Jennings told the New York Times that she sat her husband down at the onset of the pandemic in the U.S., telling him, "I need you to pay attention."

"Look at me: People we know, people we love — our family, our friends — people are going to get this virus," she told her husband. "And people we know are going to die."

Davis heeded his wife's warning, Jennings added in her CNN interview, and was vigilant about wearing a mask and sanitizing his hands frequently.

"I said, 'One of us could die, and I need you to hear that and I need you to wear your mask and I need you to hand sanitize.' And so he did," she told CNN. "Mom stayed home for eight and a half months. And so you have people that are doing everything right and we didn't get to hug my mom and we didn't go anywhere. … And we still lost them."
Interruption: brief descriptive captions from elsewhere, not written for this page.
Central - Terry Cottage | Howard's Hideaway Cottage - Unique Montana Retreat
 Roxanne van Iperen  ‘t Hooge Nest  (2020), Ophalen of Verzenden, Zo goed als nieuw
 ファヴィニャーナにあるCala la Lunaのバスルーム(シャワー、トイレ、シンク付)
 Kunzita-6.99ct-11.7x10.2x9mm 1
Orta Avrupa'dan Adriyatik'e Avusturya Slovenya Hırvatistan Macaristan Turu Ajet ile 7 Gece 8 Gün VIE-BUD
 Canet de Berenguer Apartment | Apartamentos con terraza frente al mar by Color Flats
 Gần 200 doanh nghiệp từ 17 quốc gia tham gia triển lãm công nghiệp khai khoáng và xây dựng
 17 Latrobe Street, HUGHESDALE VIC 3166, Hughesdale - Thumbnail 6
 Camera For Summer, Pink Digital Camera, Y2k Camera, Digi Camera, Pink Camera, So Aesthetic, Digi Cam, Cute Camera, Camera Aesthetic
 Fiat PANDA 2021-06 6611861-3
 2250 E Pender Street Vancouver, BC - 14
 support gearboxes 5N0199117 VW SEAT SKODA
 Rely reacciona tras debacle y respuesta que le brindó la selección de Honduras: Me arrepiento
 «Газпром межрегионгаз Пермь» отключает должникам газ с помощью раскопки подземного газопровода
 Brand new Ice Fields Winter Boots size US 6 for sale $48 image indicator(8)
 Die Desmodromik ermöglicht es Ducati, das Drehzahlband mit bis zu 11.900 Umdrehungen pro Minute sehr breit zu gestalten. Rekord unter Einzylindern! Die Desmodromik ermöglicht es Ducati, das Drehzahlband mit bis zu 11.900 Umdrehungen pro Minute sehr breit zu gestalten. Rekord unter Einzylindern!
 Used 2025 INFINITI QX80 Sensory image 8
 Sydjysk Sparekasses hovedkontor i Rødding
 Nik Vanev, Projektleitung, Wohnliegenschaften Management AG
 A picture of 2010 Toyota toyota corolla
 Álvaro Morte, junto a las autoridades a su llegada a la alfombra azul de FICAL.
"It doesn't matter how strong you are," Jennings said of the contagious respiratory virus. "People are like, 'Oh man, Dennis is so strong. He's going to make it.' It happens no matter what. The virus keeps winning."

"It didn't have to be this way," Jennings added in the interview. "Our family didn't have to be gutted."

Jennings' son Brayden, an attorney, also contracted the virus, but has since recovered.

"It's kind of like we're broken, but we're continuing to break," he said of losing his father and grandmother. Brayden explained that he contracted COVID-19 after he tried to help his father, who had to be taken to the hospital in an ambulance.

"When I got that positive result that, that took away her support system. They were both in the hospital, and I couldn't come hug my mom because I couldn't get her sick," he said. "Luckily I recovered well, but we weren't able to be together because of COVID, and she was alone and grieving while they were both just gone."

More than 13.6 million people have contracted COVID-19 in the United States, according to data from the New York Times. At least 269,234 have died from the virus.

In Oklahoma, where Jennings lives, there have been nearly 200,000 cases, with at least 2,838 in the last week alone. At least 1,758 people have died from COVID-19 in the state, according to the Oklahoma State Department of Health.

Health officials continue to urge Americans to stay home as much as possible, wear a mask in public and to practice social distancing as cases surge across the country.